Assigned task: Please repeat only the lines below starting at the line that holds "Hi, I'm Peter" and ending at the line that holds "Tasker can now", exactly, with both of those lines included and every picture omitted.

Recorded data:
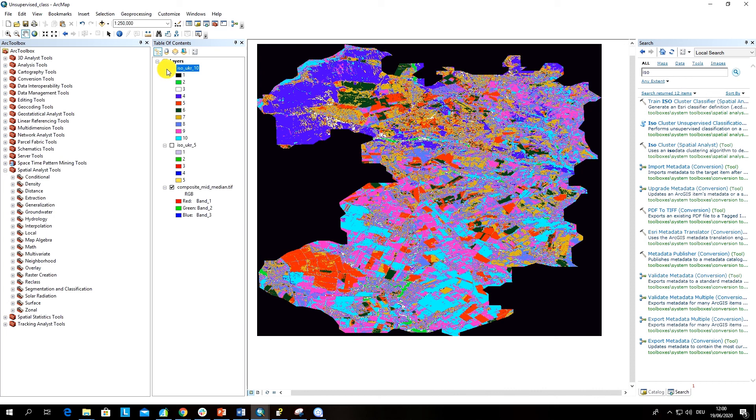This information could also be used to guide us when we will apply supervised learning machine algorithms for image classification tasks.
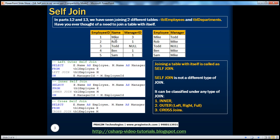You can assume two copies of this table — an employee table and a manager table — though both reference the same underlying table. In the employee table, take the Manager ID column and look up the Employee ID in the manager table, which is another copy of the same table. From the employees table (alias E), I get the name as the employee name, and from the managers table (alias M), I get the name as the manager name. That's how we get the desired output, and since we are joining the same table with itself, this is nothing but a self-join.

* * *

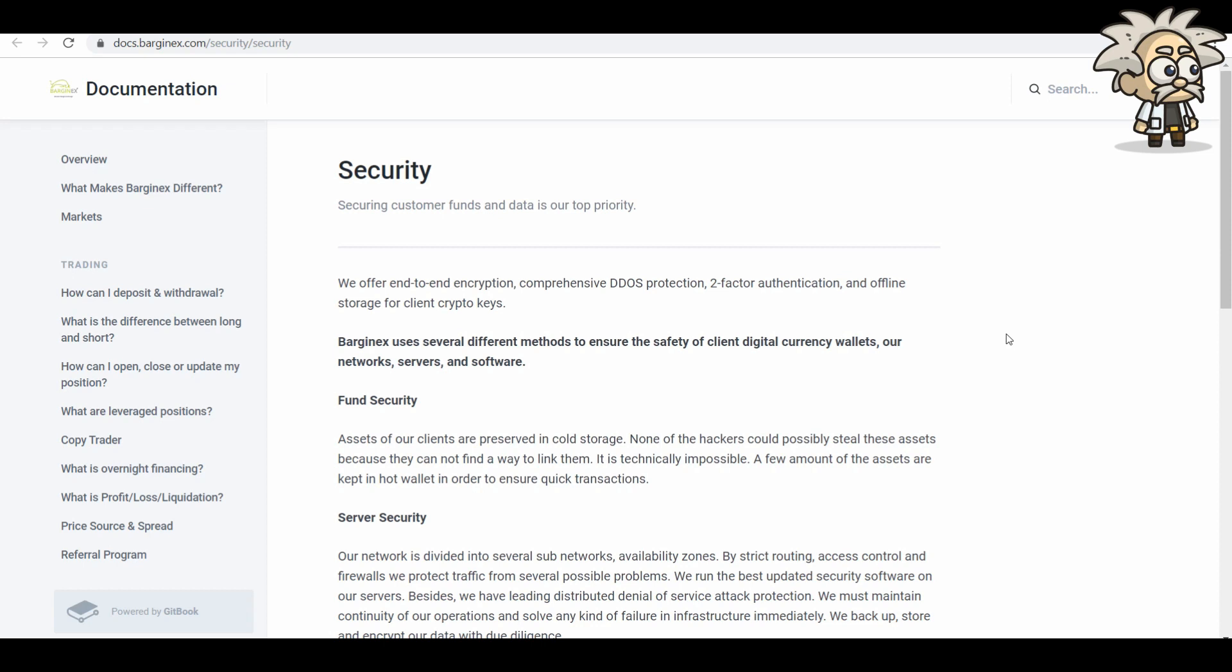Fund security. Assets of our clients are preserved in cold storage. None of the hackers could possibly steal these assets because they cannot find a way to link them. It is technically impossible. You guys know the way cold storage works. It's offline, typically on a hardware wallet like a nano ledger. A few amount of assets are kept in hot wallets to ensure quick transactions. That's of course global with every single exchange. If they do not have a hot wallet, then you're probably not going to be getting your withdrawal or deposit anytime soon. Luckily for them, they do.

...

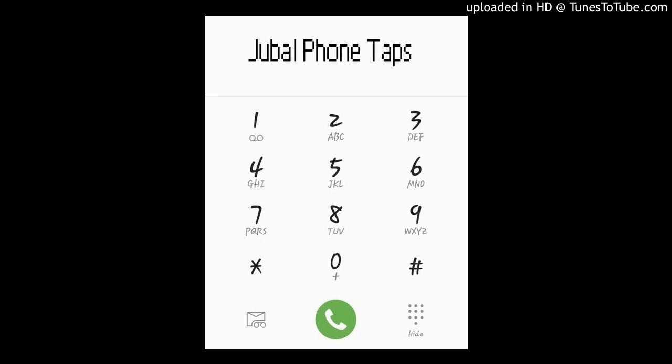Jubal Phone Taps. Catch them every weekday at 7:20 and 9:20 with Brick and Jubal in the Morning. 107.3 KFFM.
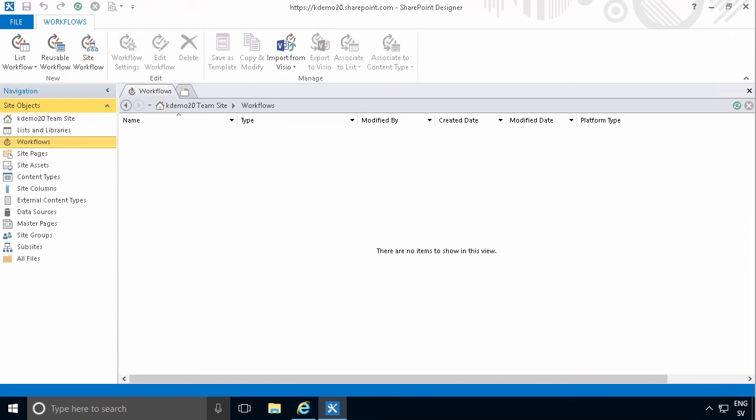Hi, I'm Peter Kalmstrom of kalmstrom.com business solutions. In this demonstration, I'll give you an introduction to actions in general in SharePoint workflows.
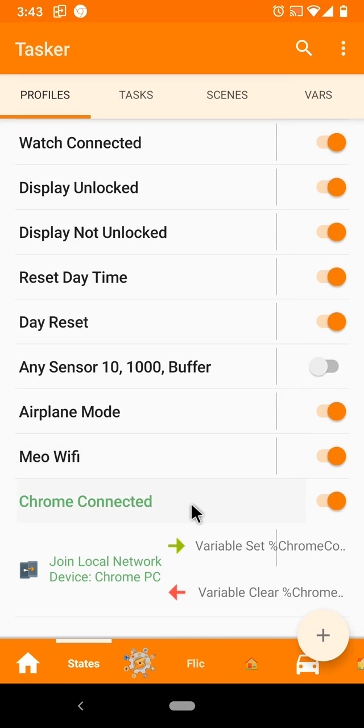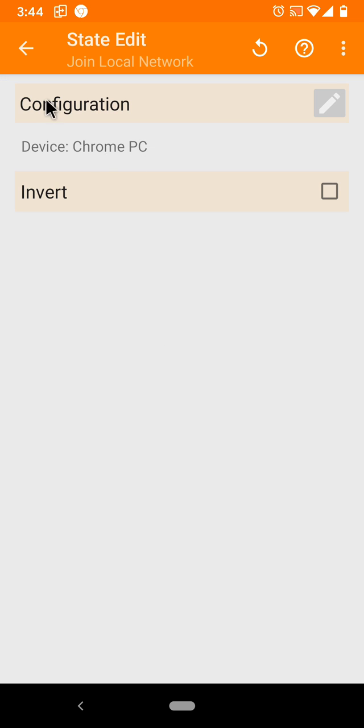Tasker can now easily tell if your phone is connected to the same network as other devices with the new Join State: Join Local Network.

Solution to the exercise:
Hi, I'm Peter Kalmstrom of kalmstrom.com business solutions. In this demonstration, I'll give you an introduction to actions in general in SharePoint workflows.
Tasker can now easily tell if your phone is connected to the same network as other devices with the new Join State: Join Local Network.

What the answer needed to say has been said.